## Required action
Look below for the lines from the one with "FAYLIN | Celana" to the one with "NFL2867c7G04-51df86 Mens Nike", and copy exactly those lines, both ends included.

## Material supplied
>>>>>

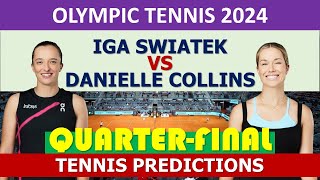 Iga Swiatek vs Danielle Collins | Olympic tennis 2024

<<<<<
>>>>>

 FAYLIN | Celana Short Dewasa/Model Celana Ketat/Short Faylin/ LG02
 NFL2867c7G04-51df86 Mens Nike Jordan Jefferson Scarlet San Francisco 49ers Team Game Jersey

<<<<<
>>>>>

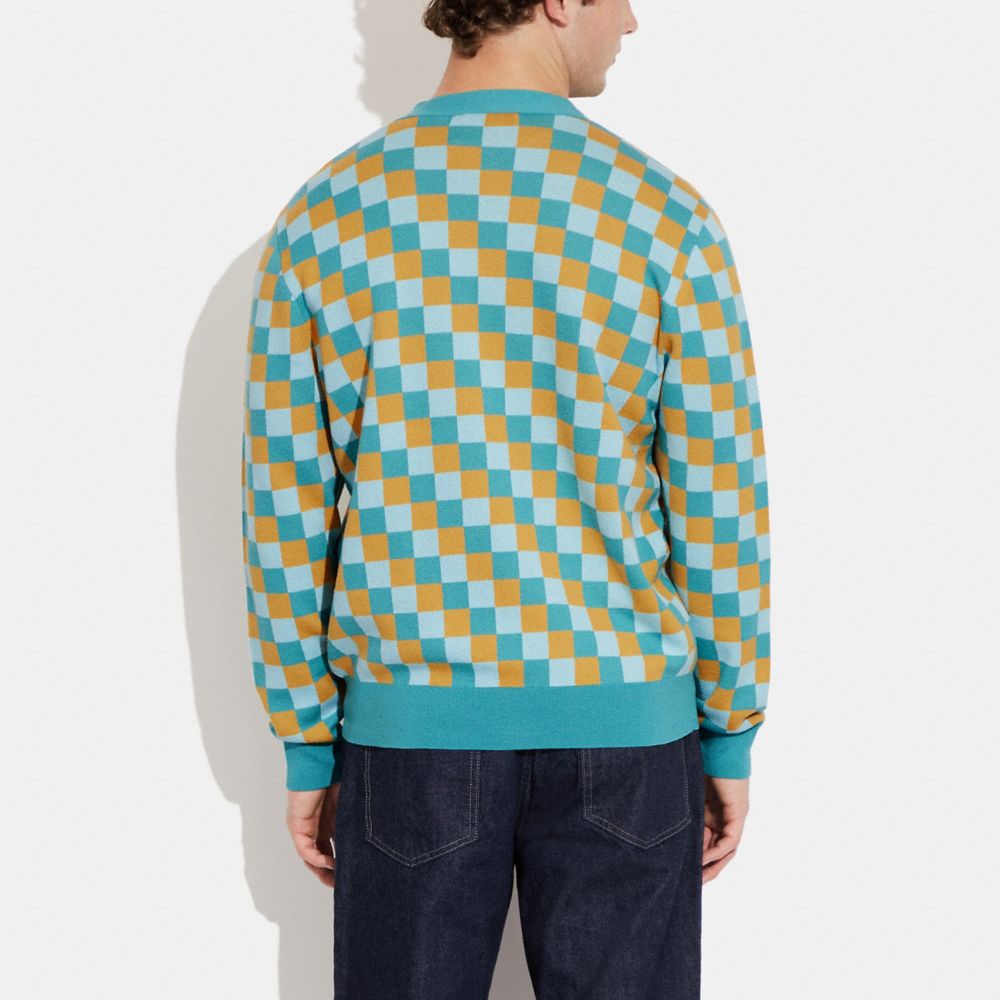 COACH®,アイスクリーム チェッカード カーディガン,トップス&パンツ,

<<<<<

## Exercise solution
 FAYLIN | Celana Short Dewasa/Model Celana Ketat/Short Faylin/ LG02
 NFL2867c7G04-51df86 Mens Nike Jordan Jefferson Scarlet San Francisco 49ers Team Game Jersey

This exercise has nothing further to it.